Wines Worth Talking About
To Hugh Johnson, editorial adviser for The World of Fine Wine magazine, a fine wine is one that is worth talking about. But in the snobish world of the fine wine trade, a rather different opinion might reign, and much reduced idea of what a fine wine might be.
Bordeaux’s left and right sides of Gironde river, Burgundy, Champagne, Portugal’s Vintage Port, the Rhône, Italy’s Super Tuscans, Brunello, and Barolo/Barbaresco, top Californians, elite Australians, and a select group of Germans, are the “fine” wines which might not reflect how the wine world has changed over the last decades.
The New Fine Wine
They have been called “new fine wines” — wines from outside the classic regions, made without undue intervention in the cellar from privileged vineyard sites that are farmed well and picked at the appropriate time. This concept challenges the idea that all the great terroirs have already been discovered, and a combination of open-mindedness, viticultural skill, and a sensitive approach in the cellar is creating some very exciting wines from regions that some fine wine brokers have never heard of.

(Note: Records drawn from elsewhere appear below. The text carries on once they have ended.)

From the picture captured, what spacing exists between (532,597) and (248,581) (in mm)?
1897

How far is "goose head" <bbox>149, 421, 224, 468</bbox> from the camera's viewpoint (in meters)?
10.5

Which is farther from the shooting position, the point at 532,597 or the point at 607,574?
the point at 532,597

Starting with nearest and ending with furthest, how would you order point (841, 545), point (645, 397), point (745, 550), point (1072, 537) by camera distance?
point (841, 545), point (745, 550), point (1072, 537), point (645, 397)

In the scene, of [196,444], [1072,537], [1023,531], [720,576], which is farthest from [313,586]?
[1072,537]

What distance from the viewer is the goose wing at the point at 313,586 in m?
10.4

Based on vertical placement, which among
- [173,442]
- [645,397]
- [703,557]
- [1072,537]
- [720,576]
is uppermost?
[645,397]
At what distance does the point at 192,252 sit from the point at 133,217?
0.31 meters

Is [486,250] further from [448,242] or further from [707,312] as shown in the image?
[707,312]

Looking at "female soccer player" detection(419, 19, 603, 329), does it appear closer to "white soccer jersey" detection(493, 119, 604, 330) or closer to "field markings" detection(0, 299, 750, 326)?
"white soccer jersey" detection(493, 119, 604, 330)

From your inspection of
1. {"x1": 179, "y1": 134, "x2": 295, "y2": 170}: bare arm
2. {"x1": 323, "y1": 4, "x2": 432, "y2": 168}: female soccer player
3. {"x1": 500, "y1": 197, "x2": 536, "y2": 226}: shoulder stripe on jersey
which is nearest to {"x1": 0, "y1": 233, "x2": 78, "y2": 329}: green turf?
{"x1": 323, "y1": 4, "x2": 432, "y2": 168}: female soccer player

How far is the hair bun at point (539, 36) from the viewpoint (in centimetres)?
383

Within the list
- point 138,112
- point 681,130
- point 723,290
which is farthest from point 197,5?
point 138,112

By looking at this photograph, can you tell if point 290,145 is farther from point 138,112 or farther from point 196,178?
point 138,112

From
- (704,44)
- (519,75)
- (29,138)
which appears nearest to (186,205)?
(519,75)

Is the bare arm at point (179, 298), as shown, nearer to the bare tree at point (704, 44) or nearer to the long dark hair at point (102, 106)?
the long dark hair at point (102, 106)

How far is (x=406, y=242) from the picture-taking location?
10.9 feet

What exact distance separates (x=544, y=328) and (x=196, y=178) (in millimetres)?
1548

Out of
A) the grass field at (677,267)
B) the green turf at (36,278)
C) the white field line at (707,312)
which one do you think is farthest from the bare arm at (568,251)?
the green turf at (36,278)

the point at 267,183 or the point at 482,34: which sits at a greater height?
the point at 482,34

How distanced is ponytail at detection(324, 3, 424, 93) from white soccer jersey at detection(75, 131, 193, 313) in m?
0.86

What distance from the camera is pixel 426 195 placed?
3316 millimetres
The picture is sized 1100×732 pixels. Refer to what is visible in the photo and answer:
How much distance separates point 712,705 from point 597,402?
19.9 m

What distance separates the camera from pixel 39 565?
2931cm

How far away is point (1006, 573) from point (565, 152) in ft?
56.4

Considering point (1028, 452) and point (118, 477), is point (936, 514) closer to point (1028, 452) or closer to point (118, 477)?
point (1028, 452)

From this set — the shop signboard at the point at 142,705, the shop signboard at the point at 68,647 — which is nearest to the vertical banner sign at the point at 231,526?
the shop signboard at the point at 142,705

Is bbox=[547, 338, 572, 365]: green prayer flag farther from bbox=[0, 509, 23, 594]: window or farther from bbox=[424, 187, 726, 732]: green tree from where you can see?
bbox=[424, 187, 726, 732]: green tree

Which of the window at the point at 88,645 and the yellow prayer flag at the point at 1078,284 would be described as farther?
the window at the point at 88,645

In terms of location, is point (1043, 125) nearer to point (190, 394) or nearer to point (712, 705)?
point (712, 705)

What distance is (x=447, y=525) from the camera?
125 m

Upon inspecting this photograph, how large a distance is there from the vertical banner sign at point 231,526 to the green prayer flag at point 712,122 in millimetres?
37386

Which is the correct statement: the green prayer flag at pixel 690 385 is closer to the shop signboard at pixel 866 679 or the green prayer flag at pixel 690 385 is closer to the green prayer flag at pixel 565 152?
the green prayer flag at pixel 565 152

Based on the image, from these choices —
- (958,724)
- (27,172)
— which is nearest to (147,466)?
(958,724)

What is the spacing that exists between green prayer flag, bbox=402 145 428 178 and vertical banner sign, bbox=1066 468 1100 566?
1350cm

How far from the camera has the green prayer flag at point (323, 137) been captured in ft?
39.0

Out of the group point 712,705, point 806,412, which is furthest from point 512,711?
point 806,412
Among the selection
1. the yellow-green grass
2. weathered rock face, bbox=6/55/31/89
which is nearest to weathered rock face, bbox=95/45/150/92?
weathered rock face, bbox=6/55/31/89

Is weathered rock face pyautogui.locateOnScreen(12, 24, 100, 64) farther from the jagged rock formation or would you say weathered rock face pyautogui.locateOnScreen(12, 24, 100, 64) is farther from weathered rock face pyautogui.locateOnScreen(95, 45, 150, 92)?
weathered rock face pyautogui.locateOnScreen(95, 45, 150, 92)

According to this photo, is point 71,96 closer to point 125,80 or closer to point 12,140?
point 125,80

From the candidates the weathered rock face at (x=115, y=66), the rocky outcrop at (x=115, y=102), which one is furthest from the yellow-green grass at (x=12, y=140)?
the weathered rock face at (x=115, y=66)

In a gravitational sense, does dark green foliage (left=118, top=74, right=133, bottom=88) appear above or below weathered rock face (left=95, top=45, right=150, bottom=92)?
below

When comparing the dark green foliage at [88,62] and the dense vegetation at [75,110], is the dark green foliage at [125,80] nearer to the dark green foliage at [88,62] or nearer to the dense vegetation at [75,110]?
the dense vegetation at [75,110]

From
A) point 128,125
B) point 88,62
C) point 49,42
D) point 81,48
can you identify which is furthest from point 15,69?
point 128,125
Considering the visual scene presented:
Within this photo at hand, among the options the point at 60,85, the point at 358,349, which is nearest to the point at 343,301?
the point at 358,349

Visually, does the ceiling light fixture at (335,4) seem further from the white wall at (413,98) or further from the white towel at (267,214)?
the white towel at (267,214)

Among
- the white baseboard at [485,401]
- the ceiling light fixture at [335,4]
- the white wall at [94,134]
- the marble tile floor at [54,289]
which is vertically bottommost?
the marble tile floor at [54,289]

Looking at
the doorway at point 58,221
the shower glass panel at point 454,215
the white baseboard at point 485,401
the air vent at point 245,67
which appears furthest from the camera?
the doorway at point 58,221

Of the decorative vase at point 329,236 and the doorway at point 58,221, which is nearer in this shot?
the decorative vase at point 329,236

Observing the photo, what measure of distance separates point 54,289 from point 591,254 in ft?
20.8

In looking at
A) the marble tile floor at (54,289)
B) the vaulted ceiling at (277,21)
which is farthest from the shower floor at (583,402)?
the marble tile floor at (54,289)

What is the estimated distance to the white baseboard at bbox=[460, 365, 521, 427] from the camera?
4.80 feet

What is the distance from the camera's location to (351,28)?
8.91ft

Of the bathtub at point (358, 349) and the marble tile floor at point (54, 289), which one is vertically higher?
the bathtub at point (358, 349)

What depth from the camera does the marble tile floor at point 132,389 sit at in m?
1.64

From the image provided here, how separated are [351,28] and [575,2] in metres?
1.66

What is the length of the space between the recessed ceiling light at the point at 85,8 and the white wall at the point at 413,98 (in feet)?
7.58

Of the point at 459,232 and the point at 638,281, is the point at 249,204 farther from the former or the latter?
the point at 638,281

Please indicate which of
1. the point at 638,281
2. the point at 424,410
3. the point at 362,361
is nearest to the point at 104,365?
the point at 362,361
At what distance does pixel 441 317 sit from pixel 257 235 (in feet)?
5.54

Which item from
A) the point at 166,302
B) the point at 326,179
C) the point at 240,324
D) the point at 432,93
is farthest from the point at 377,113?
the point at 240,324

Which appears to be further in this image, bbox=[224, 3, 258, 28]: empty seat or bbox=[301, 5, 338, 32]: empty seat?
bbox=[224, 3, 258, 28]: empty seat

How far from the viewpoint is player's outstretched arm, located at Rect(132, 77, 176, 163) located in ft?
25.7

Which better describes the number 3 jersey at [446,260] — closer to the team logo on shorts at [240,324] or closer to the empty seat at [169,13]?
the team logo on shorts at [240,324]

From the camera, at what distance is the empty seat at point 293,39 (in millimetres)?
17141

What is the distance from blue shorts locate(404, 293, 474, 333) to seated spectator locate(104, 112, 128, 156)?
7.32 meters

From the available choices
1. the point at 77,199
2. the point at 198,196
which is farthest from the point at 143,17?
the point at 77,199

One of the factors that has helped the emergence of these new fine wines is the wine world’s interconnectivity, but wines like these won’t be made without the determination, skill, and vision of the winegrowers. As I travel the wine world I keep meeting others who share this taste for fine wines — old and new — who are also open-minded enough to be able to recognize it even when these wines come from unexpected places. This is not so much a top down process of producers being anointed by an influential critic (which is so very 1990s). It’s more of a bottom-up or middle-out phenomenon. And that’s what D’Agos have being trying to do: to find small producers who make great wines!
It’s not a revolution
So we are seeing the emergence of the new fine wine, but nothing is being overthrown, luckily. The old fine wine will carry on, and the new fine wine will grow alongside it. There will be the odd clash of aesthetic systems, but that’s only to be expected. It really is an exciting time to be a wine drinker, especially a curious, open-minded one.